米国CPAその他のブログ

米国CPAとCERAと資格試験

NYT BookReview(4/27/20)

大人になると本当に時間がない。けど面白そうな本は毎日毎日出版されるわけで、本当に困る。自分はアメリカの歴史とか移民の歴史に興味があるので、そういった分野の本を多く取り上げてくれるNew York Times Book Reviewは非常に重宝している。


今週の号から読んでみたいと思ったのは2冊で、一つは移民法の本。


One Mighty and Irresistible Tide: The Epic Struggle Over American Immigration, 1924-1965,’ by Jia Lynn Yang (Norton, May 19)


In 1924, Congress passed one of the most restrictive immigration laws on record, a measure aimed at making the country white, Protestant and Anglo-Saxon that curtailed southern and Eastern Europeans and banned people from nearly all of Asia. Yang, a deputy national editor for The Times, sketches the four-decade effort to reverse the legislation, which lasted throughout a major world war and the refugee crisis after the Holocaust, to create a new standard for immigration equality — what ultimately became the 1965 Immigration and Nationality Act. Along the way, she weaves in her own family’s story, exploring how the idea of America as a land of immigrants wasn’t always a given.

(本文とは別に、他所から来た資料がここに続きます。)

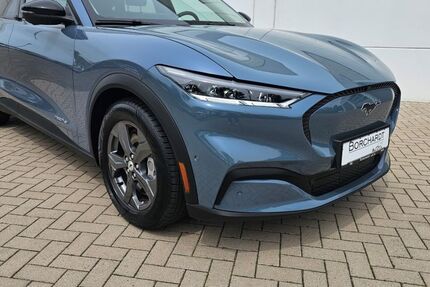 Ford Mustang Mach-E 21.141 km 32.980 &euro; Diepholz 49356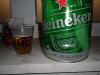 sam_6549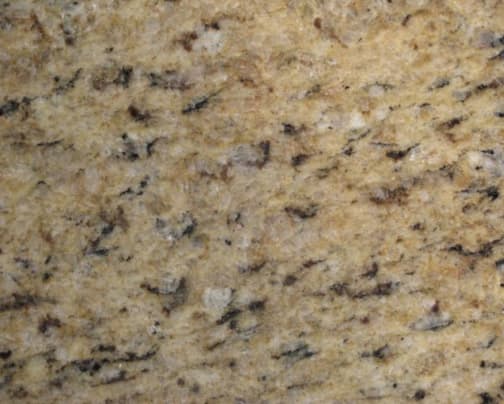 Antique Persa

もう一冊はフレンチシェフの本でフレンチシェフ業界の仕組みが書いてありそう。こういう業界の仕組みや裏話というのに興味がある。


Dirt: Adventures in Lyon as a Chef in Training, Father, and Sleuth Looking for the Secret of French Cooking,’ by Bill Buford (Knopf, May 5)
Buford, whose best-selling book “Heat” chronicled his quest to become a serious cook, is back in the kitchen. Now, the New Yorker writer recounts the next step in his culinary education: studying at the Institut Paul Bocuse in Lyon, the gastronomic capital of France and the gold standard for chefs around the world. There’s plenty for food lovers here, but the book is also a satisfying and envy-inspiring travelogue.